Перепутаны наши следы | страница 44
– Ну ты хоть поцелуй меня, что ли, – предложила.
Иван приобнял ее, неловко прижав к себе. Поцеловал в губы. Остановился, прислушиваясь к ощущениям. Поцеловал снова. Они стали обниматься, стараясь забыться в непривычном телесном взаимодействии, и наконец перешли в спальню, куда Ваня сразу же, чтобы не успеть отчаяться и передумать, приволок и коньяк. Выпивали, целовались, повалились на кровать, кое-как разделись и совершили в конце концов то, ради чего все затевали.
Иван опомнился, когда Люба, отвернув от него голову, завозилась под ним после окончательного затишья. Было сыро, душно и пакостно на душе. Перевалившись на бок, он попытался погладить Любу, но та вздрогнула и отстранилась. Заплакала тихо.
– Знаешь, Вань, что-то не полегчало мне совсем. Знаешь, наоборот. Теперь как будто еще и сама себе в душу нагадила.
Он подумал, что примерно то же чувствует и сам, но постарался снова утешить ее:
– Ну, ты не спеши. Может, еще и полегчает… потом… после…
– Ты отвернись, – попросила она и стала одеваться.
Он хотел проводить ее, но Люба отчаянно замотала головой.
– Тут идти-то всего… – бормотнула. – Сама доберусь. Прости, Вань, если что не… Тошно мне так, как и не было. Извини…

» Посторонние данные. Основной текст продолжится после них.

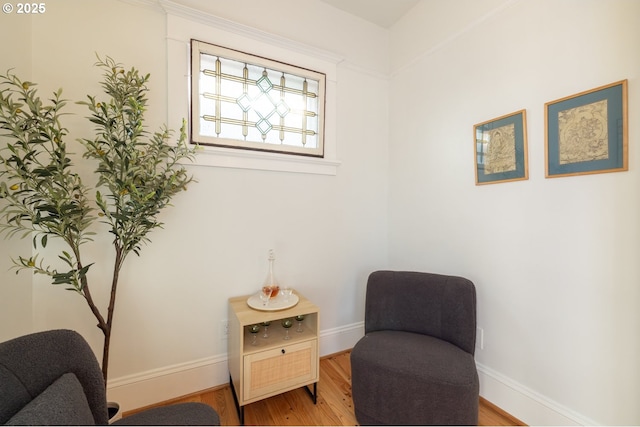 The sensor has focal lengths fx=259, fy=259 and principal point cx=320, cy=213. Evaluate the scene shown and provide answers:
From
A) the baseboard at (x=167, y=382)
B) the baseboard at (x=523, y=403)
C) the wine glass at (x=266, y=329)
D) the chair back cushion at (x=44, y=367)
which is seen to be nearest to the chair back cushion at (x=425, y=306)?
the baseboard at (x=523, y=403)

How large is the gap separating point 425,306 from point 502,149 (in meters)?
1.16

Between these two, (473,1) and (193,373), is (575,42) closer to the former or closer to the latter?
(473,1)

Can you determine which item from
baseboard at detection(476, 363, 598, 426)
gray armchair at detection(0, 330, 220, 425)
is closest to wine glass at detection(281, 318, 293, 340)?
gray armchair at detection(0, 330, 220, 425)

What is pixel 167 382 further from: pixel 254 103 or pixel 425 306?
pixel 254 103

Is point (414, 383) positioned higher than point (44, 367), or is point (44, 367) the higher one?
point (44, 367)

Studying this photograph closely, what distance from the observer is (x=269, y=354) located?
5.38 ft

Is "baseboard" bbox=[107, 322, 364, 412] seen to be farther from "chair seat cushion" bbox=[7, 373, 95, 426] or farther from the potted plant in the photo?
"chair seat cushion" bbox=[7, 373, 95, 426]

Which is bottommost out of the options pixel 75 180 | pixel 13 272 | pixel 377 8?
pixel 13 272

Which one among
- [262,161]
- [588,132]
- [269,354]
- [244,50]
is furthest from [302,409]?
[244,50]

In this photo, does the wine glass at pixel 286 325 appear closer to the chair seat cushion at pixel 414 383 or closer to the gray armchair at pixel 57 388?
the chair seat cushion at pixel 414 383

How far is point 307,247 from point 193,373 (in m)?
1.23

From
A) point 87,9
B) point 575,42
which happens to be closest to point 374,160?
point 575,42

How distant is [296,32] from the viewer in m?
2.15

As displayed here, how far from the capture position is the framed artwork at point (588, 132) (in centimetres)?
123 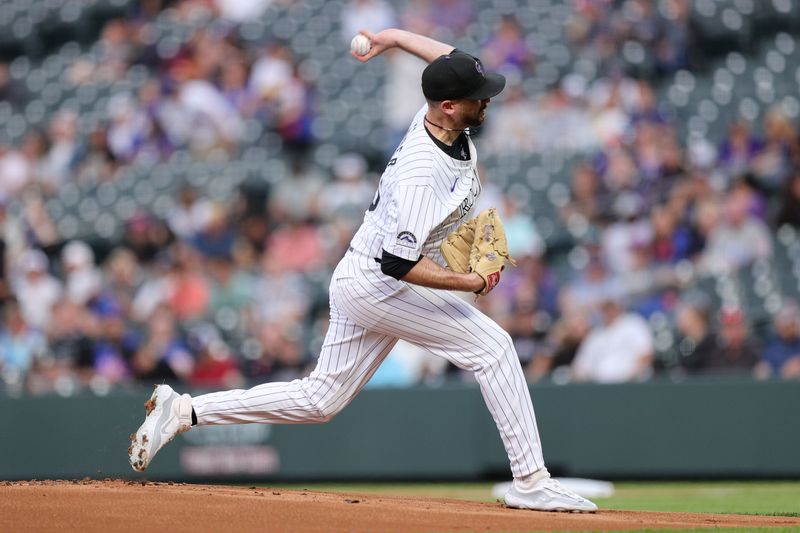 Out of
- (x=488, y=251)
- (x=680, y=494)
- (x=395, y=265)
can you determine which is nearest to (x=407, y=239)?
(x=395, y=265)

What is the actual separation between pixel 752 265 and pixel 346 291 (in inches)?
252

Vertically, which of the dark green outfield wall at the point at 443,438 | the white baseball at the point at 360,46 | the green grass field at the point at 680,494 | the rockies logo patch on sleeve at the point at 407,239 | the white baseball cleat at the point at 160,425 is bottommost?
the green grass field at the point at 680,494

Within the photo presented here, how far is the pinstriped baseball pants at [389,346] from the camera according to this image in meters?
5.37

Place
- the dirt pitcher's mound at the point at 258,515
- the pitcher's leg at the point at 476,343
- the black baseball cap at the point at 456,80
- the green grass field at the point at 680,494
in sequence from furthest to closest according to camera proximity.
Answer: the green grass field at the point at 680,494 < the pitcher's leg at the point at 476,343 < the black baseball cap at the point at 456,80 < the dirt pitcher's mound at the point at 258,515

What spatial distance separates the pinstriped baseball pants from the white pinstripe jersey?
165 mm

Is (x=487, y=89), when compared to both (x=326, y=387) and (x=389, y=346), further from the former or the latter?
(x=326, y=387)

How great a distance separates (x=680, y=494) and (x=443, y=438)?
224 centimetres

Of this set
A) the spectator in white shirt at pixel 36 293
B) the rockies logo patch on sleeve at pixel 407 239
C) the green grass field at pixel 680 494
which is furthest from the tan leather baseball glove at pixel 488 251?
the spectator in white shirt at pixel 36 293

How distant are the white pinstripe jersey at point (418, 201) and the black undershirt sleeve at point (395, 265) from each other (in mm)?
20

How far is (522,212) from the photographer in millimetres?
A: 12219

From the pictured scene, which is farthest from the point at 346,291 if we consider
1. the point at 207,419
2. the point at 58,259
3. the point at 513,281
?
the point at 58,259

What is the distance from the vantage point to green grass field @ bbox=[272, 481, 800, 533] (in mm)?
7391

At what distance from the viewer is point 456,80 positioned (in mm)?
5254

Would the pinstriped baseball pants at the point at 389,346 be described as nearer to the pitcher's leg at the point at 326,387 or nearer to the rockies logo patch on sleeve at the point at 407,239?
the pitcher's leg at the point at 326,387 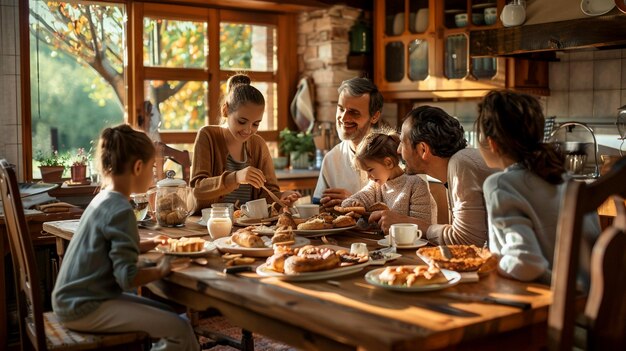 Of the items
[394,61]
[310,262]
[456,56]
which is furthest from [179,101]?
[310,262]

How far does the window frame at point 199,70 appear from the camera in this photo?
4641 millimetres

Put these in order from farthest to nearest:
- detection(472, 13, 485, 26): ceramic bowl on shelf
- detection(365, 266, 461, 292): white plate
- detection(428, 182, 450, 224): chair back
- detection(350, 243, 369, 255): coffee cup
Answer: detection(472, 13, 485, 26): ceramic bowl on shelf < detection(428, 182, 450, 224): chair back < detection(350, 243, 369, 255): coffee cup < detection(365, 266, 461, 292): white plate

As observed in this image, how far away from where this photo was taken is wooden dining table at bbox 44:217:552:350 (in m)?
1.49

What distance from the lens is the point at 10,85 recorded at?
453 cm

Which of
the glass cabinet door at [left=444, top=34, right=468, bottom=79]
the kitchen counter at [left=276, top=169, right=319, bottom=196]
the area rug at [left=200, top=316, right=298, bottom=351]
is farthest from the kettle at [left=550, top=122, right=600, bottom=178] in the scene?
the area rug at [left=200, top=316, right=298, bottom=351]

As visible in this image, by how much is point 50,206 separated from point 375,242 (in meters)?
2.05

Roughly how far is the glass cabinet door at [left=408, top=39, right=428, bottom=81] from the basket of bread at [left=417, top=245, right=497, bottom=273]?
3.35 meters

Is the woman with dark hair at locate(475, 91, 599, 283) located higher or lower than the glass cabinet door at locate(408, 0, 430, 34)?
lower

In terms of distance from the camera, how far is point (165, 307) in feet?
7.47

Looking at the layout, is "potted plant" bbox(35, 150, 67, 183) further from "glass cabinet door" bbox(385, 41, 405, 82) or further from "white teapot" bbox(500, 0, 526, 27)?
"white teapot" bbox(500, 0, 526, 27)

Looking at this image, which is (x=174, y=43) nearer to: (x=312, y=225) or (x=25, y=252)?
(x=312, y=225)

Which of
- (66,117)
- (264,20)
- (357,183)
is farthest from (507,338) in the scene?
(264,20)

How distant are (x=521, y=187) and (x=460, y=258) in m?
0.28

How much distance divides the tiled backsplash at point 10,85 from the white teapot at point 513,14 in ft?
9.70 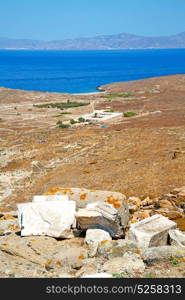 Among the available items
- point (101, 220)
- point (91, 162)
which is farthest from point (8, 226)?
point (91, 162)

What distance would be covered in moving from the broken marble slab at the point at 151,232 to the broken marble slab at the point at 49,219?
5.78 ft

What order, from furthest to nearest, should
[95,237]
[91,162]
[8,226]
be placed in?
1. [91,162]
2. [8,226]
3. [95,237]

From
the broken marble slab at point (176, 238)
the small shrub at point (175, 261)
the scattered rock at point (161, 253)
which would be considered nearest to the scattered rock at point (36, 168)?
the broken marble slab at point (176, 238)

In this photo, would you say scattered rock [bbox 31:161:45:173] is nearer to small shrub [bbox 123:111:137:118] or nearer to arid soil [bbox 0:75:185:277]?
arid soil [bbox 0:75:185:277]

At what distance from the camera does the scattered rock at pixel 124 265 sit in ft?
27.2

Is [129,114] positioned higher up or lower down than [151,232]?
higher up

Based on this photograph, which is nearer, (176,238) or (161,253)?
(161,253)

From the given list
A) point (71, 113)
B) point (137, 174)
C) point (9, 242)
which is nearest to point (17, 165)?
point (137, 174)

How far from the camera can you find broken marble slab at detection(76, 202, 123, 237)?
10828 millimetres

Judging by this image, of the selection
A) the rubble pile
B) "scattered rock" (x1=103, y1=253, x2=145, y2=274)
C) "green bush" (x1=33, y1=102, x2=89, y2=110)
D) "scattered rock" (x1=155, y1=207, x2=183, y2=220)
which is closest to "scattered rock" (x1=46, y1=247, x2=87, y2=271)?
the rubble pile

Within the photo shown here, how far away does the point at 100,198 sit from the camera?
40.4 feet

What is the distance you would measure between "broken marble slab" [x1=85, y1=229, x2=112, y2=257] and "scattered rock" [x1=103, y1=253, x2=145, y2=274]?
1.04 m

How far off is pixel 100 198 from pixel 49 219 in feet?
6.34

«И мне…» – опять подумал он.
На другой день снова поплелся к Аньке в больницу. В реанимацию не пошел. И чувствовал, что не может, не хочет переступать порог ее палаты, видеть ее не может. Отправился в кабинет лечащего врача.
– Плохо, – сказал доктор, хмурясь. – Печень у нее на пределе, пострадала в аварии. Отказать может в любой момент. Операция нужна. Сейчас, возможно, счет на часы идет, в крайнем случае – несколько дней. Или она выходит из комы, или… сами понимаете… В общем, так: наши врачи не станут делать операцию, пока она в таком состоянии. А оперировать необходимо. Если в ближайшие дни чуда не произойдет, вы должны быть готовы ко всему. К худшему готовьтесь.
Иван вывалился из кабинета оглушенный. Застыл у окна, пытаясь передышать взбесившееся сердцебиение. «Все, что угодно, – думал он, – только не это. Только не это непоправимое «никогда»! Это же невозможно…» Он беспомощно заозирался, стараясь понять, что должен сделать в первую очередь, и кинулся в палату Ани. Аня лежала все так же, без признаков своего присутствия в жизни, словно неживая, не похожая на себя. Он пытался найти в ее заострившихся чертах давно любимые черточки, ему казалось, это очень важно, чтобы вернуть ее. Мелькнула уже ставшая привычной мысль о мести – и показалась дикой. Он не находил в себе ни зла, ни оскорбленности. Только ужас от возможной потери ее в этом мире. Ваня склонился над женой.